Omdat bij een verkoop geen sprake is van een transactie in ruil voor aandelen, zijn artikel 4.38 van de Vlaamse Codex Wonen en art. 209 van het decreet van toepassing als en voor zover de onroerende goederen die geschikt zijn voor de sociale huisvesting worden verkocht.

 

Het is belangrijk dat bij een dergelijke verkoop, de verkoper de nog openstaande leningen bij de VMSW, het Vlaams Financieringsfonds voor Grond- en Woonbeleid voor Vlaams-Brabant of Vlabinvest APB die betrekking hebben op dat onroerend goed of dat eigendomsrecht, mee overdraagt aan de koper.

 

Het is belangrijk om de volgende aspecten in rekening te nemen bij de prijs voor de verkoop van die onroerende goederen:

  • De partijen kunnen in beginsel de prijs van de verkoop van onroerende goederen die geschikt zijn voor de sociale huisvesting vrij bepalen.

     

  • Als de partijen niet tot een akkoord komen, is de prijs de venale waarde van het eigendomsrecht. Hierbij houdt men rekening met de bijzondere kenmerken van de sociale huisvestingsmaatschappijen/woonmaatschappijen. De leningen, die u mee moet overdragen, en subsidies worden in mindering gebracht. De subsidies die op geen enkele wijze hebben bijgedragen tot de marktwaarde van het betrokken onroerend goed, zijn hierop een uitzondering. De Vlaamse Regering stelt de koopprijs vast.

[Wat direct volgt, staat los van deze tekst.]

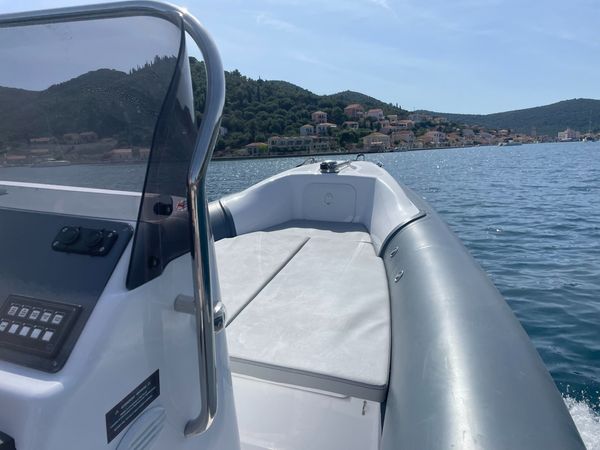 MV Marine 700 | Marine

Het verkopende SVK zal de opbrengst van de verkoop van die onroerende goederen moeten gebruiken voor de terugbetaling van openstaande leningen van de verkoper bij het Vlaamse Gewest of de VMSW. De verkoper gebruikt de overblijvende middelen volgens artikel 4.1/1 van de Vlaamse Codex Wonen. De Vlaamse Regering kan daarover de nadere regels vaststellen.

 

De kopende maatschappij moet zorgen dat zij de koopprijs kan financieren.